| Outcome | Probability | Yes Bid | Yes Ask | 24h Change | Volume | |
|---|---|---|---|---|---|---|
| 83° to 84° | 99% | 99¢ | 100¢ | — | $53K | Trade → |
| 85° to 86° | 1% | 0¢ | 1¢ | — | $51K | Trade → |
| 78° or below | 1% | 0¢ | 1¢ | — | $27K | Trade → |
| 81° to 82° | 1% | 0¢ | 1¢ | — | $25K | Trade → |
| 79° to 80° | 1% | 0¢ | 1¢ | — | $23K | Trade → |
| 87° or above | 1% | 0¢ | 1¢ | — | $21K | Trade → |
This market asks which discrete temperature category will contain Miami’s highest observed temperature on March 11, 2026; it matters because temperature extremes affect energy demand, public health, and local operations. Market prices aggregate traders’ expectations and incorporate evolving weather forecasts and observations.
Miami’s March climate sits in a spring transition: days can be mild or occasionally unseasonably warm depending on synoptic-scale patterns. This market has six mutually exclusive outcomes (see the market page for exact thresholds) and will resolve to the single outcome matching the official reported temperature for the specified reporting location.
Odds on the market reflect the collective view of traders and update as new meteorological data arrive; they are a real‑time signal, not a guaranteed forecast — always cross-check with official forecast products and the market’s settlement rules.
The market resolves to the official data source and reporting station specified in the contract terms on the market page; check the KALSHI market description or settlement rules for the exact station and primary data provider used for resolution.
The six discrete outcome ranges (temperature bins) are listed on the market page; they are mutually exclusive and exhaustive for possible reported maxima — consult the market page to see the numeric thresholds and inclusive/exclusive endpoints.
The market’s close time is marked as TBD on the listing; settlement typically occurs after the event day once the designated reporting source publishes the official temperature record — the market page and exchange notifications will indicate final close and settlement timing.

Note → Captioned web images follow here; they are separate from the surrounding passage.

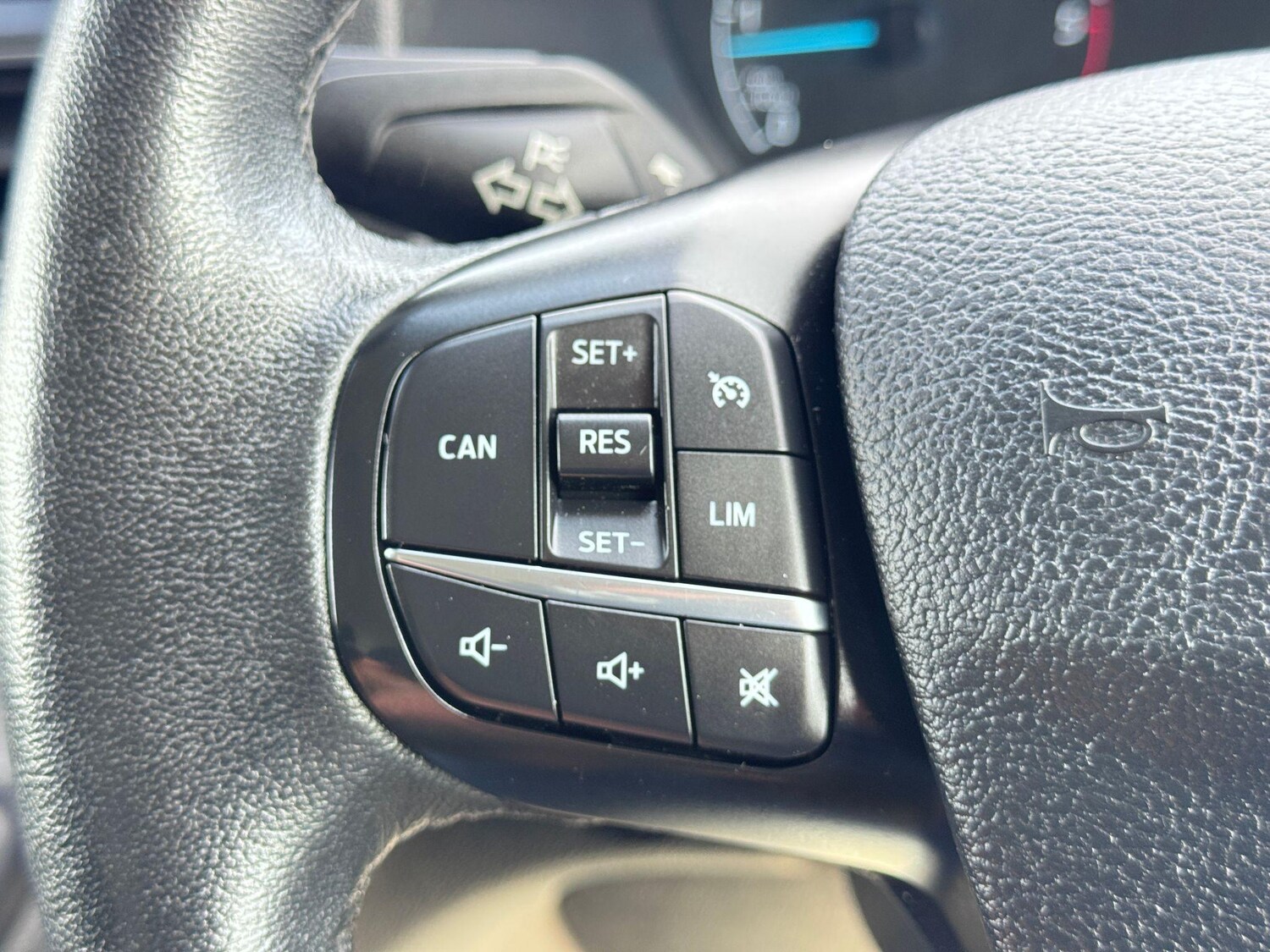 Vehicle 45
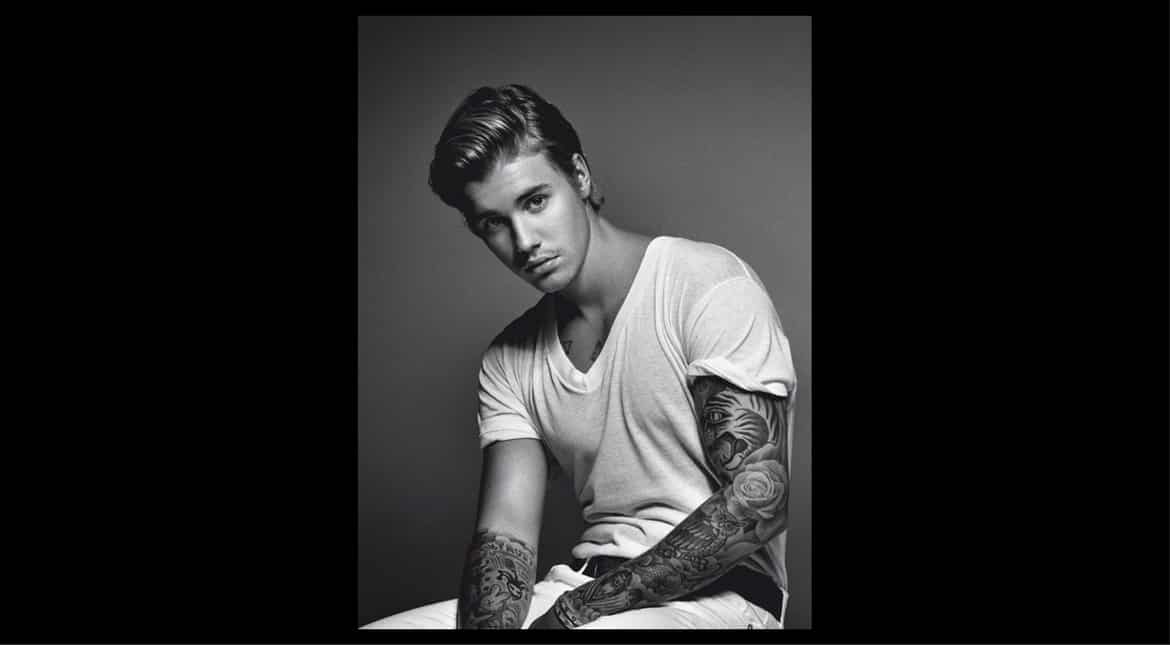 Jacuzzi, white curtains & more: Bieber's India concert demands Jacuzzi, white curtains & more: Bieber's India concert demands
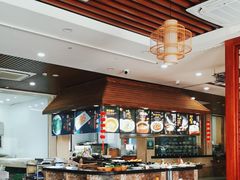 -大金山酒店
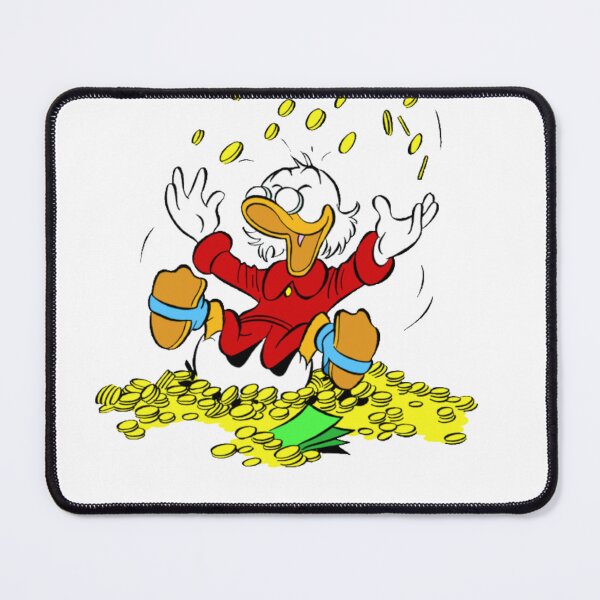 Item preview, Financial Stimulus Financial Freedom designed and sold by yes-com.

The contract follows the settlement source’s definition; in practice this is usually the official daily maximum temperature as reported by the specified station or dataset — consult the contract’s settlement rules for the precise measurement window and methodology.
Monitor synoptic model guidance (centroid position of highs/lows), frontal timing, ensemble spreads from major models, NWS Miami forecast discussions, local observations and METAR reports, and any tropical or subtropical activity that could alter temperatures near the date.